To examine this further, consider that we know that each page in our 24-bit address space above is 4KiB, thanks to the 2¹² = 4KiB offset. Therefore each of the 16 possible values of the top four bits selects 1MiB of the 2²⁴ = 16MiB address space; e.g. 0x0 selects the first megabyte, 0x1 the second and so forth. The second 4 bits selects a 64KiB region of this 1MiB, and the last 4 bits selects a 4KiB region of this 64KiB region.

This scheme could work quite well if we were using only 16 pages each separated by 1MiB. Each of these pages would only require an entry in the top level with an appropriate guard which could then be marked as final and point directly to a physical frame.

Once things become less sparse however, we need to start filling in middle levels. If you have 2 pages within a 16MiB region, you need at least one extra bit of address to tell them apart. If you have 3 or 4 pages, you need at least 2 bits to tell them apart, and so forth.

It would therefore be beneficial to have variable level sizes to dynamically adapt and create the most efficient lookup possible given the address space layout of a process. For example, if you knew your process was only going map pages 0x123 (100100011) and 0x124 (100100100) a good option would be to make your top-level only two entries (i.e. check the top bit) with a guard on the entry at index 0x1 of 00100. You then need a second level with 8 pointers to differentiate the remaining 3 bits (each of these would be final and hence point directly to a physical page).

The more pages you start mapping, the less bits you can discard with the guard. If you follow this through to a guard of 0 bits you end up with a linear page-table.
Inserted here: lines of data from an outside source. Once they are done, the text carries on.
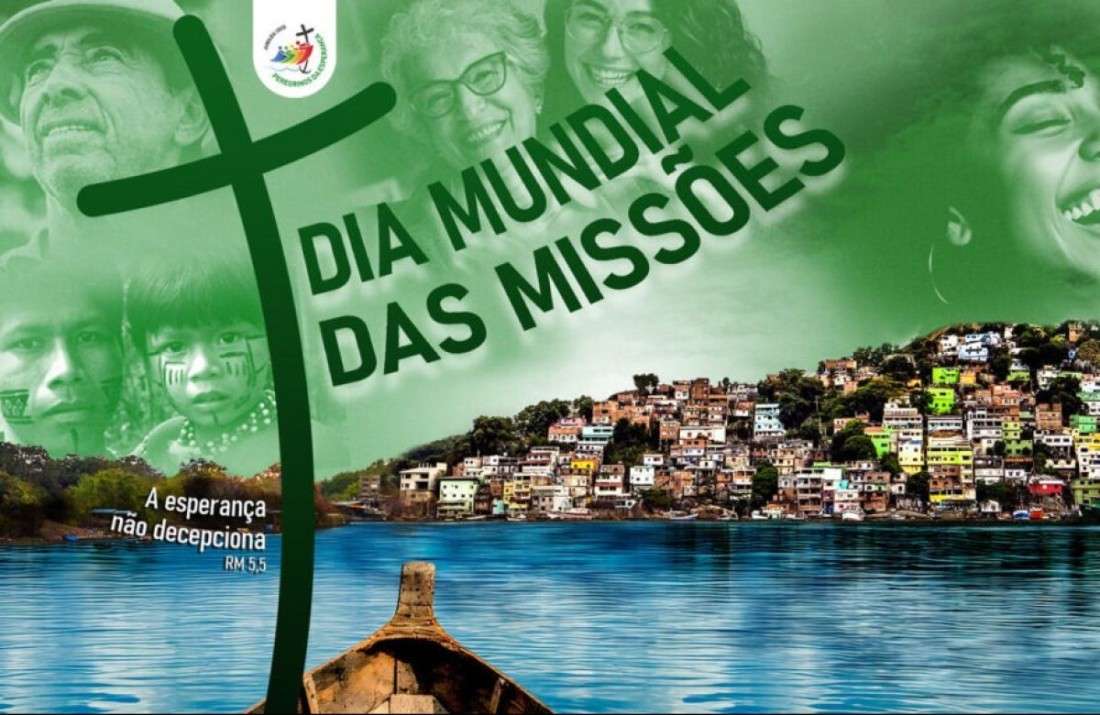 Foto notícia Mensagem deixada pelo Papa Francisco para o Dia Mundial das Missões 2025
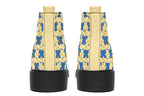 Cobalt Bows on Butter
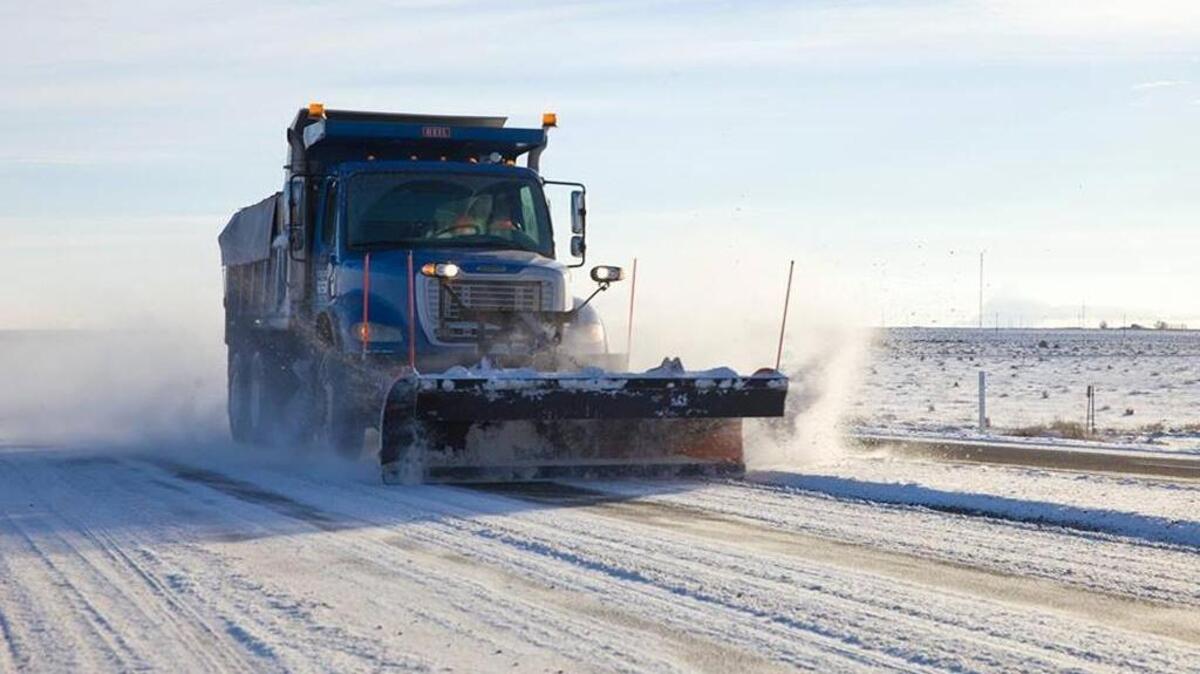 Many Hanford workers are being sent home early because of the weather.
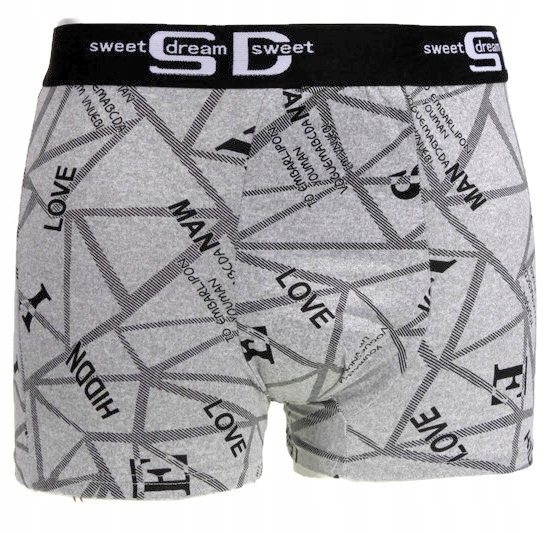 6x BOKSERKI MĘSKIE BAWEŁNIANE XL Linia regular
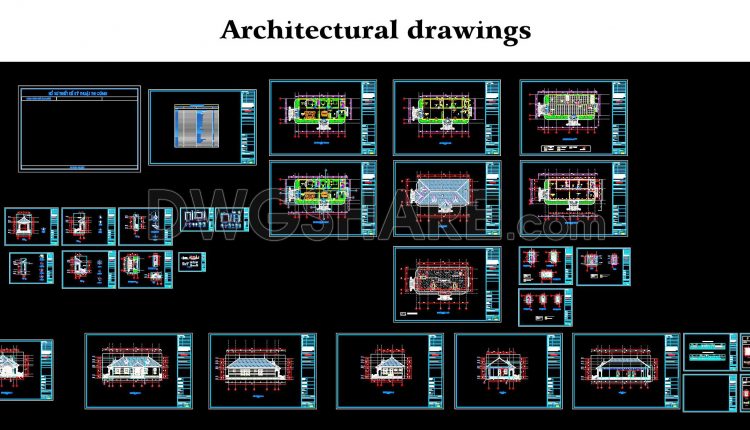 819. Architectural Drawings
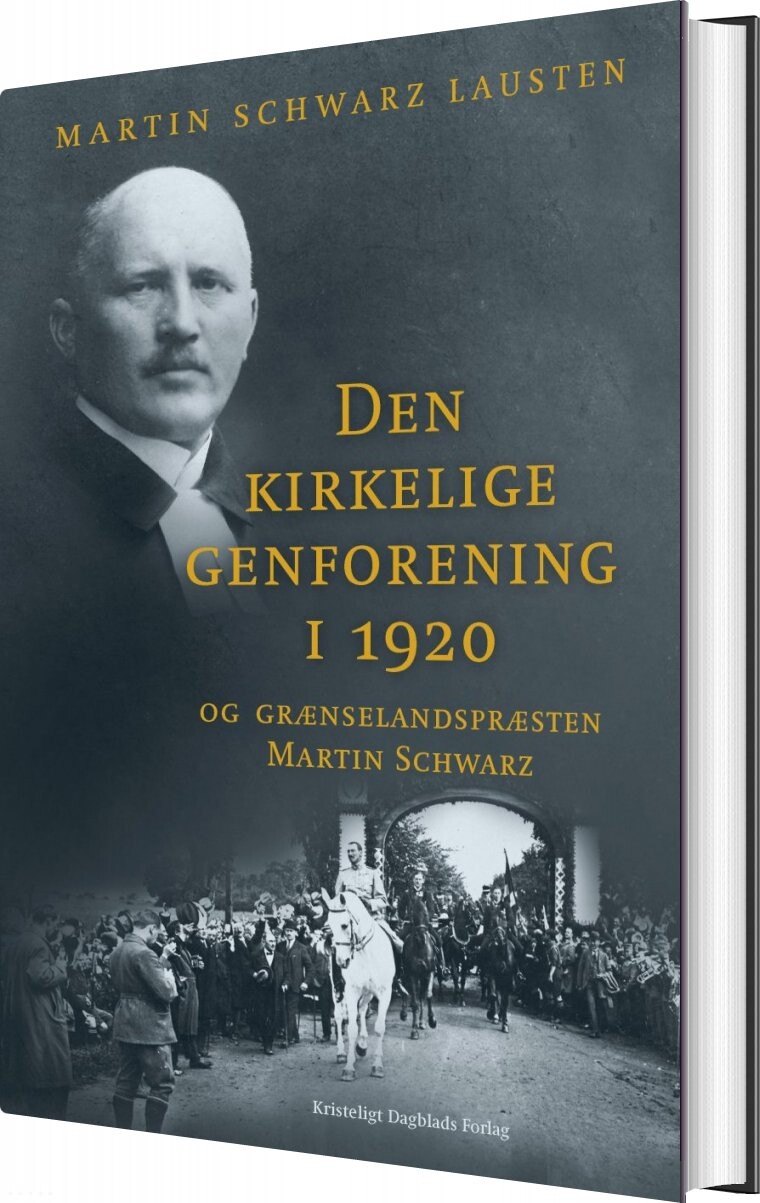 Den Kirkelige Genforening I 1920 - Martin Schwarz Lausten - Bog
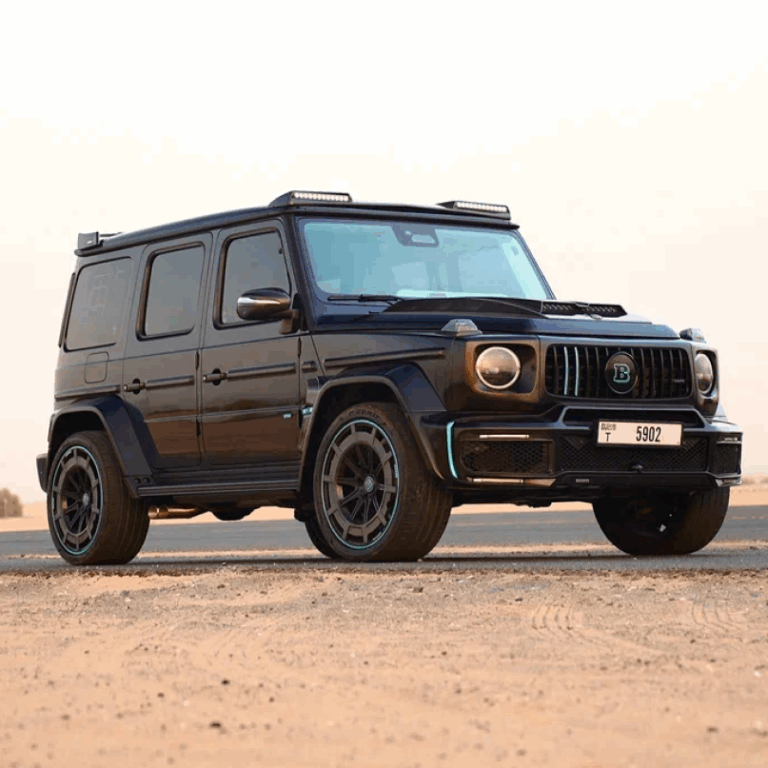 Mercedes-Benz AMG G63 BRABUS KIT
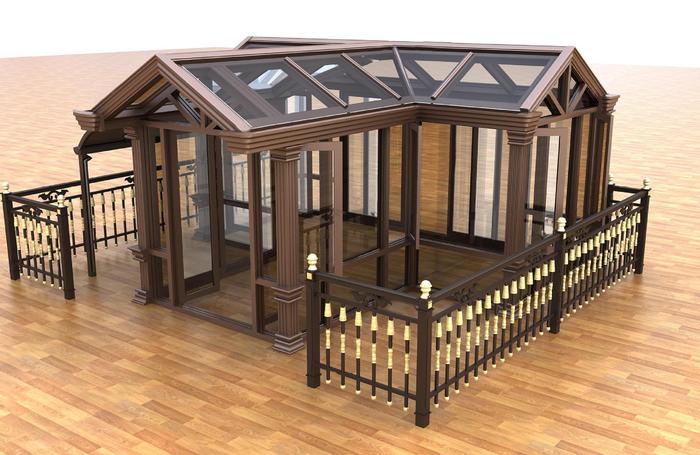 德技金德阳光房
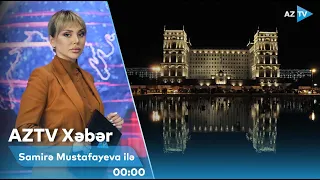 Samirə Mustafayeva ilə AZTV XƏBƏR (00:00) | 13.10.2023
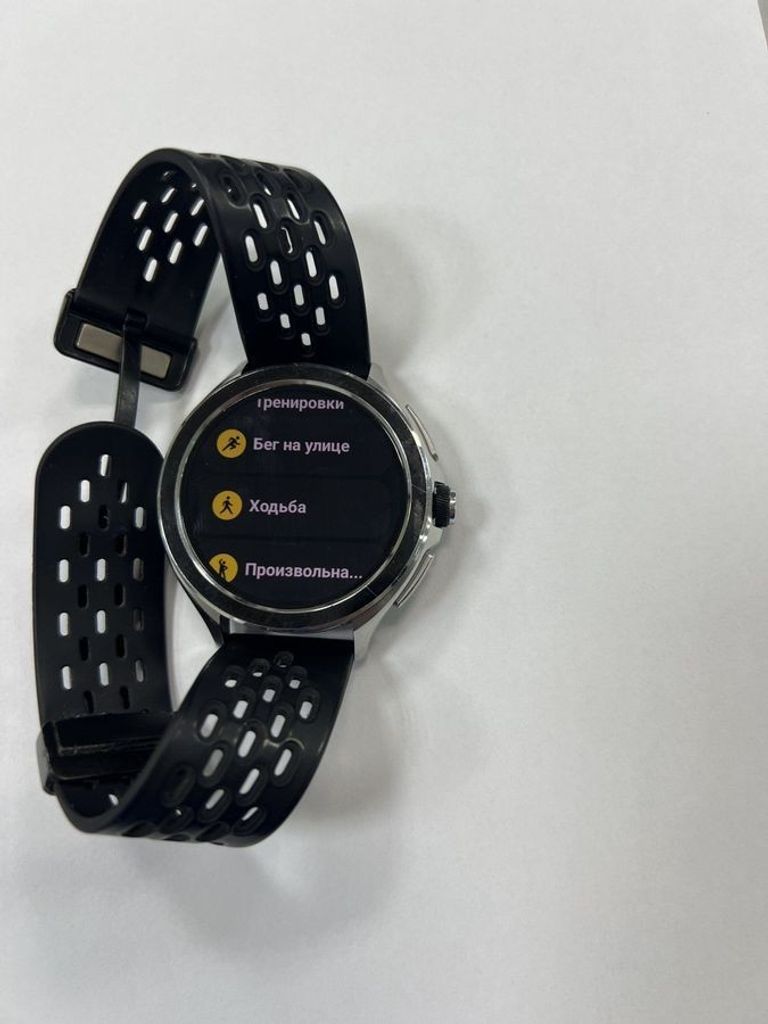 Оголошення Xiaomi Watch 2 Pro Bluetooth Silver Case with Brown Leather Strap (BHR7216GL) Б/У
It has been shown (Elphinstone, 1999) that fixed level sizes with 16 entries tends to work well. For a 32-bit address-space with 4KiB pages (e.g. 12 bits offset) this leaves 20 bits to be mapped by the page-tables; with each level mapping 2⁴ bits this means a 5 level tree. The guard values provide enough path-compression that the table is not constantly walked. The disadvantage is that it may "over-allocate" meaning more space is dedicated to page-tables than strictly required.

Deciding where and when to split levels, what size indexes to put at each level and updating all the guard values dynamically to make the smallest, most efficient page-table would create a variable-radix page-table (Szmajda and Heiser, 2003).

In summary, a guarded page-table is more useful the more sparse your address space is. A variable-radix guarded page-table is complex, but could offer advantages for implementing variable page-size support and thus having positive effects on TLB coverage.